Some years ago, back when the war and the soldiers were young, mortgages and cell phones cheap, executive bonuses and political corruption out of sight, and most Americans cruising along on the waves of a strong economy, an ethics and legal scholar at Saint Mary’s College of California wrote a book entitled
Rediscovering America’s Sacred Ground: Public Religion and Pursuit of the Good in a Pluralistic America (SUNY Press, 2003). In this book, Barbara A. McGraw argues that this country’s “sacred ground” is freedom of conscience, and she makes her case not only by an analysis of our founding documents, but an examination of the social and political mind of the intellectual architect of our system of government, the seventeenth-century philosopher John Locke.
As she sees it, this freedom, first elaborated at length by Locke in the context of social contract and natural law theory, is the ground on which all the enumerated freedoms in our Constitution and Bill of Rights are planted: Unless there is freedom to seek after the good and the true according to the dictates of one’s conscience and do as one is led by the moral promptings of a sense of right and wrong, it is inconceivable that a civil society could cohere and endure, let alone secure the freedoms necessary for all to flourish. A duty is owed to the Creator who has encoded the moral sense in creation and creatures, and a civil society as an aggregation of individuals seeking the good and the true for one and all must acknowledge this divinely-given freedom; God alone can establish it. This is the heart of Locke’s philosophy and theology.
On November 4, 2008, something quite remarkable happened in this civil democracy. We elected a person to the presidency who articulated a vision for our national life unlike any we have heard—or seen—in decades. The election of Barack Obama is not only the election of an extraordinarily gifted and visionary leader, but an indication—a
symbol—of a social and political landscape alteration the likes of which are difficult to find in the last forty years, if ever. Political analysts have assured us that the economy at present was a significant factor in this election, and they are probably right. But Candidate Obama also gave voice to our deeper longings, our hopes for a different kind of national and local life, a shared world in which each matters and all have opportunity, a
civitas where the social and economic well-being of all is the motive of our political involvement and activity. And now, President-elect Obama will have the opportunity to lead us to a truer, more authentic realization of
e pluribus unum.
I take it both as a sign of his own humility and wisdom and an indication of how seriously our civil and political life is out of whack that President-elect Obama solicited our help in his first speech following the election. I have no doubt that he and his Democratic colleagues have the “determination to heal the divides that have held back our progress.” And I certainly agree that he will have to “earn” the support of those who did not vote for him. I also choose to believe that Republicans too would prefer national unity over continued partisanship. But at an even deeper level, I believe that the sea-change in our politics and our reconciliation as a people cannot occur without each taking up the challenge laid before us by the vision and strategy of the new president: There is work that he cannot do alone, and there is work that we all must do together.

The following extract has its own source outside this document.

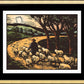 Wall Frame Gold, Matted - Leading From Within by J. Lonneman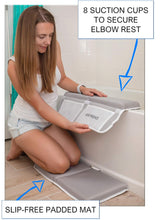 Load image into Gallery viewer, Bath Kneeler and Elbow Rest with Bath Toy Storage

Professor McGraw hardly anticipated the social, economic and political developments of the last five years, so it is significant that in her articulation of “America’s Sacred Ground” and its roots in Locke’s thought, she delineates two moral axioms without which the vision of the founders for a civil democracy characterized by justice and equality—and
freedom—is unrealizable. The good society is not attainable unless and until those who participate also acknowledge a responsibility toward others and consent to live together in mutuality.
The first axiom is that “each individual has a duty to move beyond one’s own wants and desires,” to expand one’s horizon of view to include the whole of society, and “to reflect on and discern through conscience (however conceived) what it is that promotes the good for society....” (97-98). This represents both an affirmation and a critique of a fundamental social and political value, namely the priority and self-interest of the individual. The difficulty some of us have in suspending our self-interest and dislodging our egoistic “number one” from its pride-of-place is a measure both of our enculturation into individualism and the polarization characteristic of our politics. I don’t believe that assent to this obligation means one no longer cares about or attends to one’s own wants and desires. Rather I think it enlarges the circle of community and relationships because it acknowledges the fact that the good of one is correlative to the good of all. We are, in a word, in this together!
The second axiom is equally straightforward: “Each individual has a conscientious moral obligation to do one’s best to contribute . . . to the development of a good society” (98). Here we bump up against another social and political value, one not frequently met in our individualistic and polarized society. This axiom urges not just regard for others in a shared context, but an active engagement that imparts some added value to the context, a set of activities and practices that “give back” to the larger whole something that would not have been given otherwise. This contribution is a tangible expression that one has benefitted from one’s participation in a society with others, enjoyed a measure of justice, equality, and freedom, and therefore presupposes that others have acceded to the moral demands of the first axiom. By contributing to the development of a good society, each of us discharges our responsibility to provide for and secure the well-being of others.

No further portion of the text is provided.